お問い合わせフォーム(メールフォーム)から届く迷惑な「迷惑メール(スパムメール)」や「営業メール」への対策についてお伝えしていきます。
ほとんどの企業ホームページには、お問い合わせフォームが設置されています。
その主な目的は、「見込み客からのご連絡」や「既存顧客からの問い合わせ」等々であるはずですが、売り込みのための営業メールが送信されてくることがあります。それはたいていの場合少なからず迷惑に感じてしまいます。
弊社でも、顧客を中心に迷惑メール対策、営業メール対策のご相談をよくいただきます。予算に応じた形でご依頼頂く場合もよくあります。大量の迷惑メール(スパムメール)は、業務が妨害されますから、企業にとっては重要な問題です。
もしかするとあなたも日々会社ホームページのメールフォームから送られてくる迷惑メールや営業メールに辟易しているかもしれません。
そこで今回は、こうしたお問い合わせフォームから届く迷惑メールや営業メールへの対策について、その営業メールの種類ごとに対策を考えていこうと思います。適切な対策をすれば、迷惑メールや望んでいない営業メールを遮断できるか、その数を減らしていくことができます。
迷惑な営業メールの種類
この不本意なお問い合せフォーム(メールフォーム)からの営業メールには、大きく分けて二種類あります。
ひとつは、海外からのスパムを筆頭とした「機械的に送信される迷惑メール(スパムメール)」であり、もうひとつは、手動で送信される普通の「売り込みのための営業メール」です(ただし内容は、使い回しのテンプレートであることがほとんどであると思っています)。
- 「機械的に送信される迷惑メール」(海外からのスパムメールを含む)
- 「手動で送信される売り込みのための営業メール」
こうしたことを平気でする人たちは、たいてい「数を打てば当たる」と思っています。つまり、営業メールを受け取る側へのラブコールではなく、「100件当たれば1件くらいは…」というような程度の覚悟で送っています。

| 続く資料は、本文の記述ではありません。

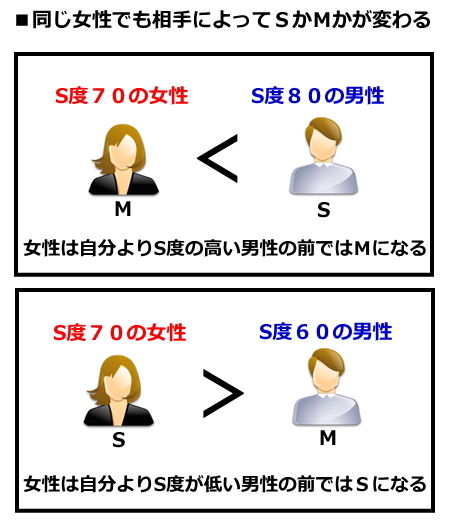 あなたが恋愛の主導権を握るための ｓｍ のお話 30代男性のための驚異の恋愛婚活成功術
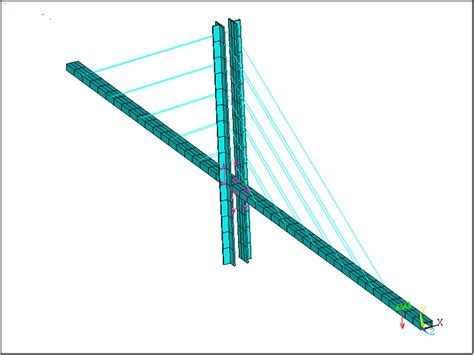 Model Flow in Cable 的图像结果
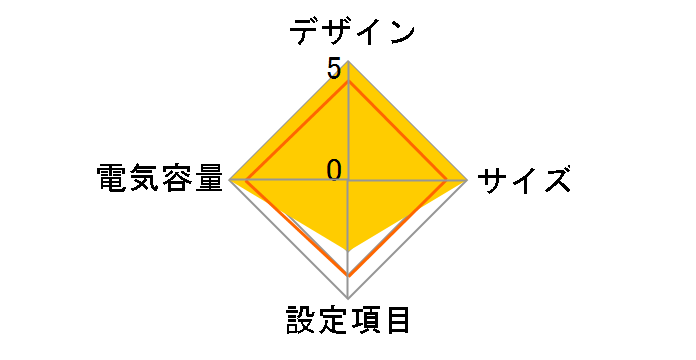 UPS1010SP YEUP-101SPA�̃��[�U�[���r���[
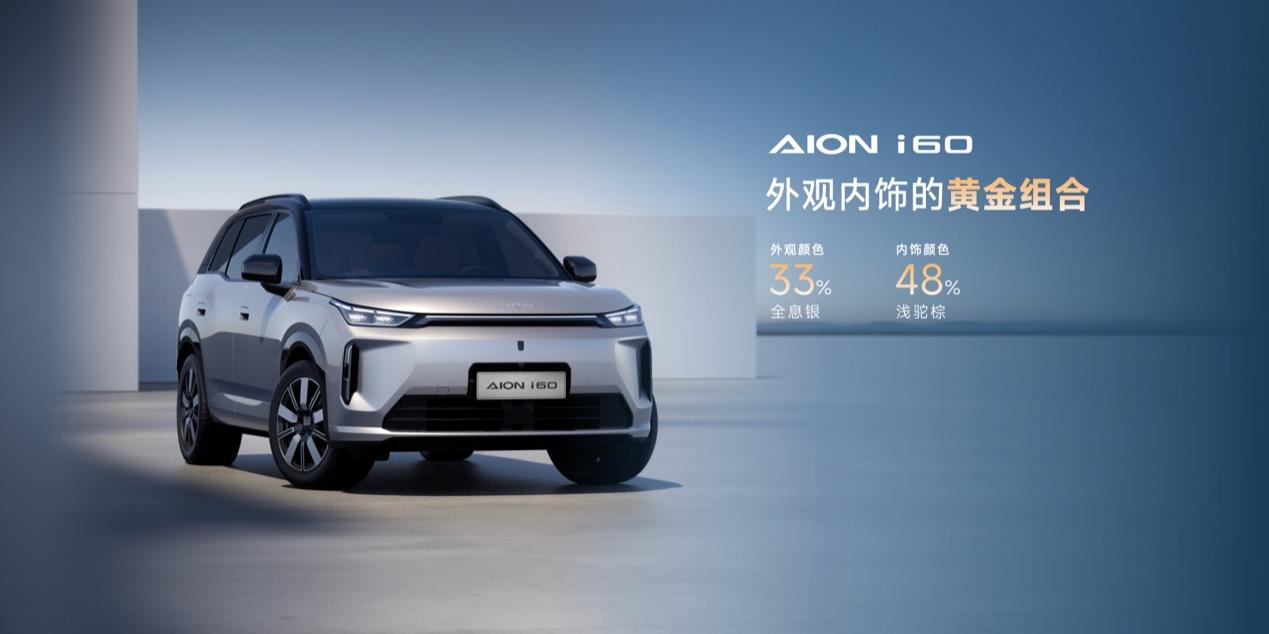 用户更年轻、结构更均衡 埃安i60广汽车展发布首个白皮书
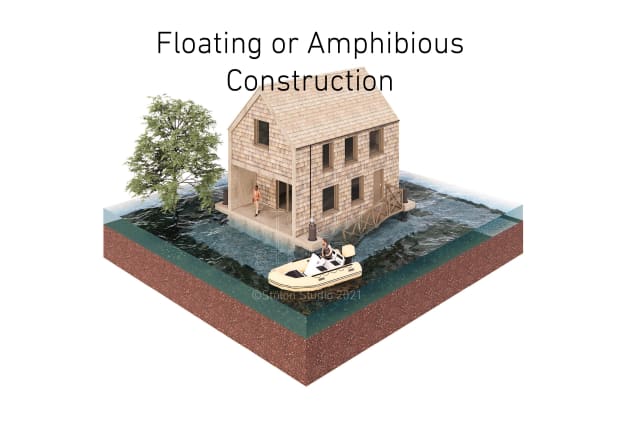 In response to rising flood-risk we have established several construction approaches, such that we have a range of approaches to...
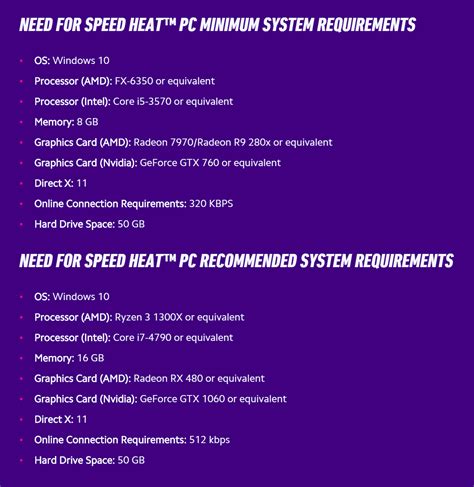 Ghost's Revealed the NFS Heat PC Requirements : r/needforspeed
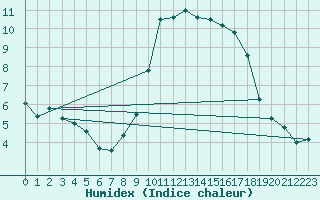 Courbe de l'humidex pour Biache-Saint-Vaast (62)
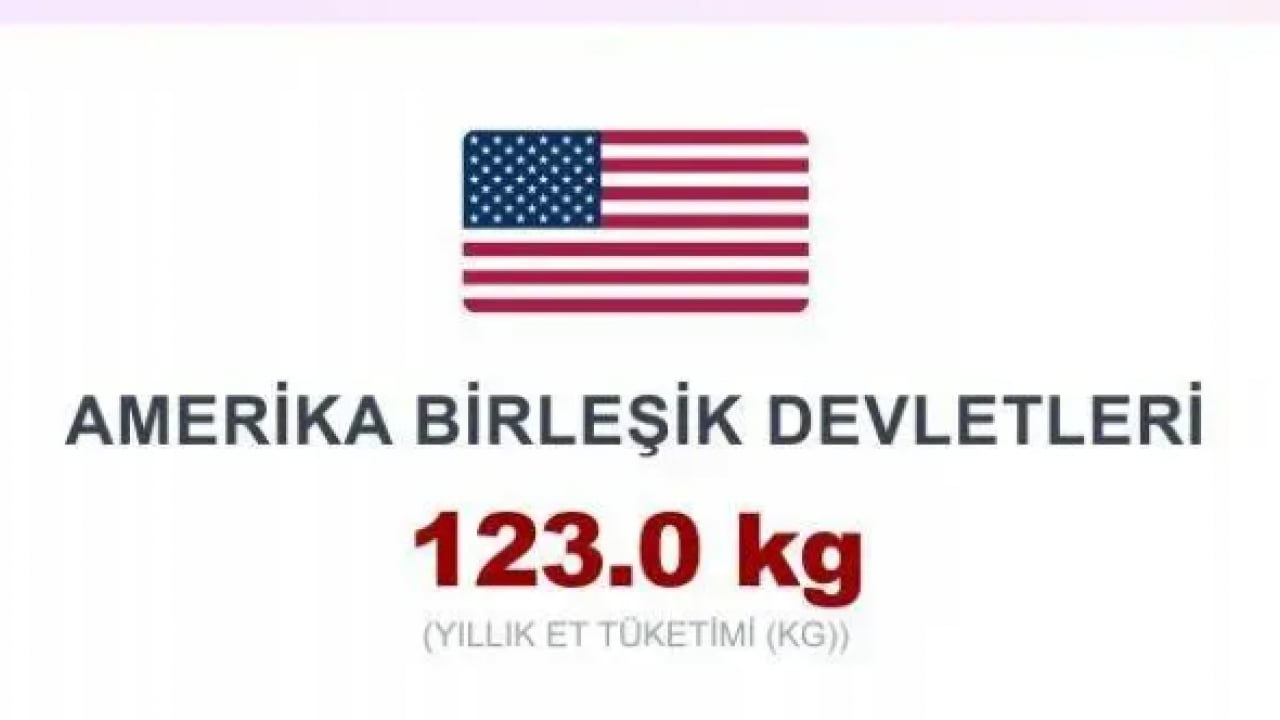 Foto - İşte en fazla et tüketen ülkeler! Türkiye kaçıncı sırada?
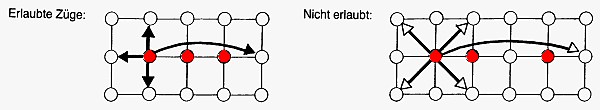 Zugweise der Energiesteine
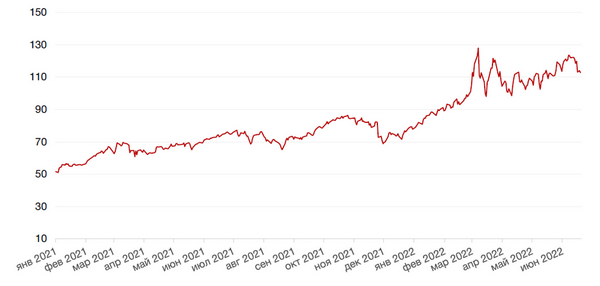 Динамика цен на нефть сорта BRENT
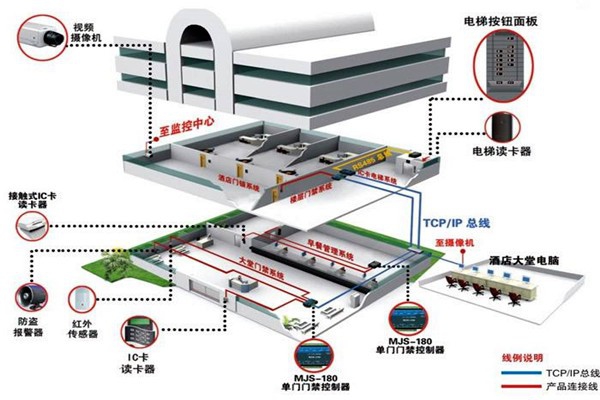 楼宇控制系统工程项目集成管理的设计步骤！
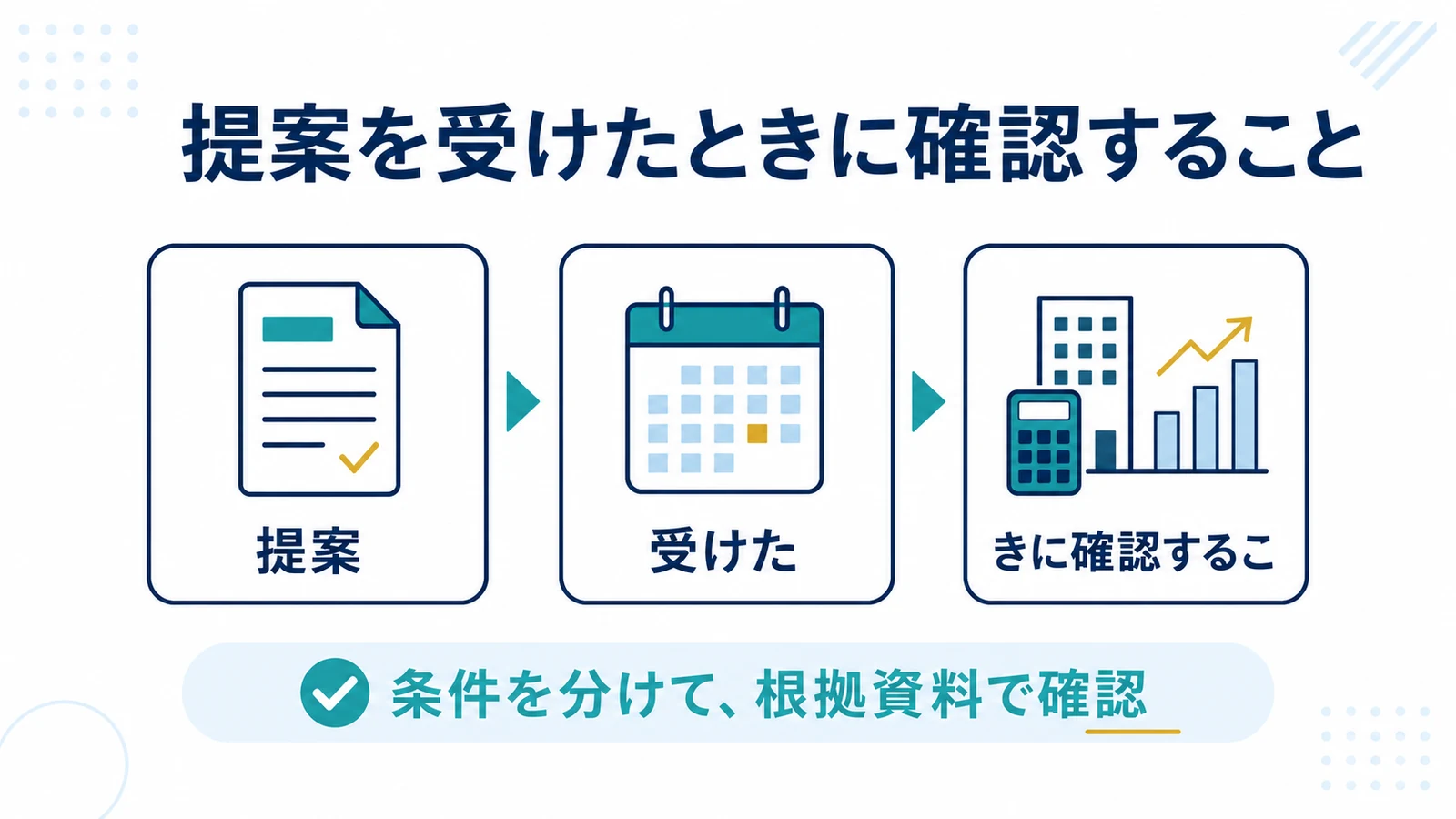 提案を受けたときに確認すること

ちなみに弊社にも毎日のようにこの手の営業メールがたくさん届きます。
その数は…
おっと、ここは伏せておきましょう。
「機械的に送信される迷惑メール」(海外からのスパムメールを含む)への対策
さて、迷惑な営業メールのうち、「論外」に当たる海外からのスパムメールを含んだ「機械的に送信される迷惑メール」についての対策について考えてみましょう。いわゆるボットによる迷惑メールです。
この「機械的に送信される迷惑メール」とは、「Amazon あなたのアカウントはロックされました」「Amazonプライム会費のお支払い方法に問題があります」「えきねっとアカウントの自動退会処理について」「代金引換 ブランド スーパーコピー NNN級品 実物写真 専門店」という意味不明なメールです。ただのフィッシング詐欺のためのスパムメールです。
こうしたものは、企業ホームページのお問い合せフォーム(メールフォーム)から送信された後、自動返信アドレス等から有効なメールアドレスを取得して、後で大量送信しています。
このタイプの迷惑メールに対しては、
「自動返信メールのアドレスを送信専用アドレスにする」、「スパム対策プラグインなどの導入」、「コメント内で許可されないキーワードの設定(ブラックリスト)の設定」、「海外IPブロック」、「メールフォームのセキュリティレベルを上げる」等々の方法で地道に対策していくしかありません。
自動返信メールのアドレスを送信専用アドレスにする
この手の迷惑メールへの対策のひとつは自動返信メールのアドレスを、送信専用アドレスにするというようなものになります。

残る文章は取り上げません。